Aim of the exercise:
Report every line of the material that contains the string "with".
○ ○ ○ ○ ○ ○ ○
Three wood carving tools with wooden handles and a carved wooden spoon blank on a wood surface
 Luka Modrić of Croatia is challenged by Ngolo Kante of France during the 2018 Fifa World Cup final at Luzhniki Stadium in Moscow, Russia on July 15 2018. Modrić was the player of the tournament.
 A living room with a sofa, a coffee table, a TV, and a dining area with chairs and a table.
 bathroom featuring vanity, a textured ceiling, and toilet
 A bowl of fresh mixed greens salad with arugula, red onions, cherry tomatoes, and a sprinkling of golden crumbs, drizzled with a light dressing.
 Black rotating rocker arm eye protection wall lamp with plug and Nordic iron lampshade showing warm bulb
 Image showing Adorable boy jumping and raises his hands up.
○ ○ ○ ○ ○ ○ ○
Solution below:
Three wood carving tools with wooden handles and a carved wooden spoon blank on a wood surface
 A living room with a sofa, a coffee table, a TV, and a dining area with chairs and a table.
 A bowl of fresh mixed greens salad with arugula, red onions, cherry tomatoes, and a sprinkling of golden crumbs, drizzled with a light dressing.
 Black rotating rocker arm eye protection wall lamp with plug and Nordic iron lampshade showing warm bulb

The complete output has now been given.